Among the entries that follow, locate the line with "Hello, this is" and the line with "Here are some". Output those lines and all lines in between, exactly, minus the pictures.

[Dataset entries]
_____
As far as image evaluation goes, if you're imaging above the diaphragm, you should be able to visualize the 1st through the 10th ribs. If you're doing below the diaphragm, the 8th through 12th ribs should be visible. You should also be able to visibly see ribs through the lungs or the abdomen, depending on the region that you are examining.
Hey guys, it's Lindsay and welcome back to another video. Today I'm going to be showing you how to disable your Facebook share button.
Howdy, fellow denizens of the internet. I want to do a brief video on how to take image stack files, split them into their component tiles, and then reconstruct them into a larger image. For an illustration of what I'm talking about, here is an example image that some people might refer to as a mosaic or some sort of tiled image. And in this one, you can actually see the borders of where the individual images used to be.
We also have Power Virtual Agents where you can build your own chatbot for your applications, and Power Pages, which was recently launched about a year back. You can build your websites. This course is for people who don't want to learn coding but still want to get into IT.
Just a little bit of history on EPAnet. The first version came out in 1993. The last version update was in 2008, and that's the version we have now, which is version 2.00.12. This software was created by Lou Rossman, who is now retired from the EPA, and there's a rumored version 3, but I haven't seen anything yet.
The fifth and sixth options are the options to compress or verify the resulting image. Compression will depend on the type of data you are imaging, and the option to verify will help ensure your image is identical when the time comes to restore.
_____
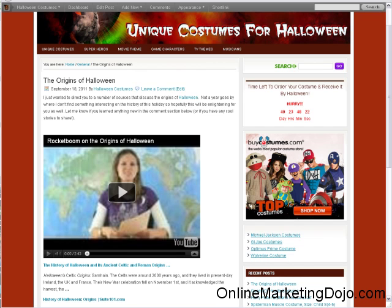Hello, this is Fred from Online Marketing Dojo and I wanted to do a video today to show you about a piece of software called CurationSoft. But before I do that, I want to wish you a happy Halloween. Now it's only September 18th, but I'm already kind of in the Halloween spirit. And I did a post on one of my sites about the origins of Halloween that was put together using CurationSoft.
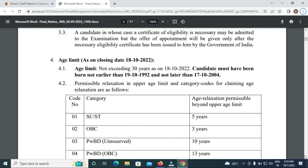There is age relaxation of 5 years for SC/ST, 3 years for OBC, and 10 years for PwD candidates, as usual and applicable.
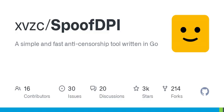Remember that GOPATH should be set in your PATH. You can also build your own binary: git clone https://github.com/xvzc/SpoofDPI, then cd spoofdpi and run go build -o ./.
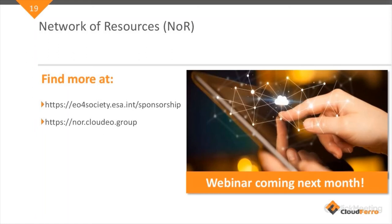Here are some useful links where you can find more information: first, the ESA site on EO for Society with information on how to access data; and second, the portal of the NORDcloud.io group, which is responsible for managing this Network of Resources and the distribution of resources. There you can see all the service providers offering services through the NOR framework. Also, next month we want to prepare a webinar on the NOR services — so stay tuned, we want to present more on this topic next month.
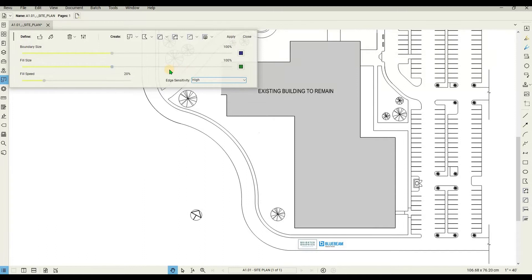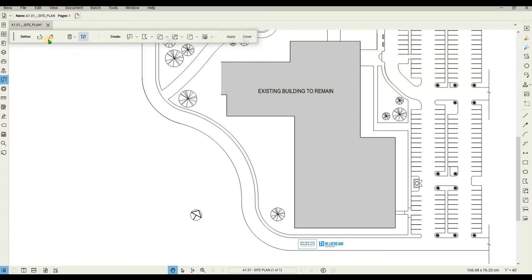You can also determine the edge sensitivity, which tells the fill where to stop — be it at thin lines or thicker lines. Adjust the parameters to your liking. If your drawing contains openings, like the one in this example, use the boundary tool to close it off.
_____
§ Result:
Hello, this is Fred from Online Marketing Dojo and I wanted to do a video today to show you about a piece of software called CurationSoft. But before I do that, I want to wish you a happy Halloween. Now it's only September 18th, but I'm already kind of in the Halloween spirit. And I did a post on one of my sites about the origins of Halloween that was put together using CurationSoft.
There is age relaxation of 5 years for SC/ST, 3 years for OBC, and 10 years for PwD candidates, as usual and applicable.
Remember that GOPATH should be set in your PATH. You can also build your own binary: git clone https://github.com/xvzc/SpoofDPI, then cd spoofdpi and run go build -o ./.
Here are some useful links where you can find more information: first, the ESA site on EO for Society with information on how to access data; and second, the portal of the NORDcloud.io group, which is responsible for managing this Network of Resources and the distribution of resources. There you can see all the service providers offering services through the NOR framework. Also, next month we want to prepare a webinar on the NOR services — so stay tuned, we want to present more on this topic next month.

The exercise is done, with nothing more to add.